The 2012 Summer Olympics, officially known as the Games of the XXX Olympiad, were a summer multi-sport event held in London, the capital of the United Kingdom, from 27 July to 12 August. A total of 10,768 athletes from 204 nations participated in 302 events in 26 sports across 39 different disciplines.

Overall, 86 nations received at least one medal, and 55 of them won at least one gold medal. Athletes from the United States won the most medals overall, with 104, and the most gold medals, with 47. The latter record is the largest gold medal haul for the country at a non-US hosted Olympics. Host nation Great Britain won 29 gold medals and 65 overall medals making it the most successful Olympics performance for that nation since the 1908 edition.
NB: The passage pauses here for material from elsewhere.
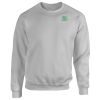 CP Heavy Blend™ Adult Crew Neck Sweatshirt Thumbnail
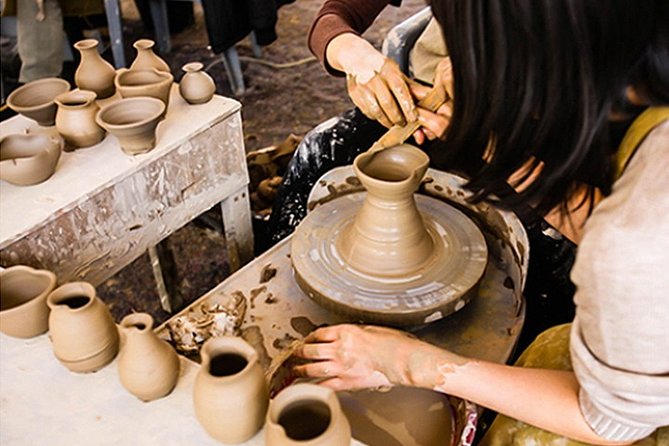 Private Korean Folk Village, Suwon Starfield Libarary&Hwaseong - The private vehicle and guide make the schedule manageable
Michael Phelps and Missy Franklin won the most gold medals at the games with four each. Phelps also won the greatest number of medals overall winning six in total. Bahrain, Botswana, Cyprus, Gabon, Grenada, Guatemala, and Montenegro all won their first Olympic medals with Bahrain and Grenada winning their nation's first Olympic gold medal. Previously, Montenegrin athletes had competed as nationals of Serbia and Montenegro and of Yugoslavia. Taekwondo athlete Milica Mandić from Serbia won the first Olympic gold medal for that nation as an independent nation. 

During and after the games, many athletes who were caught doping or tested positive for banned substances were disqualified from competition and had their medals revoked. To date, 40 medals have been stripped, with Russia accounting for 17 of those.

Medal table 

 

The medal table is based on information provided by the International Olympic Committee (IOC) and is consistent with IOC convention in its published medal tables. By default, the table is ordered by the number of gold medals the athletes from a nation have won, where nation is an entity represented by a National Olympic Committee (NOC). The number of silver medals is taken into consideration next and then the number of bronze medals. 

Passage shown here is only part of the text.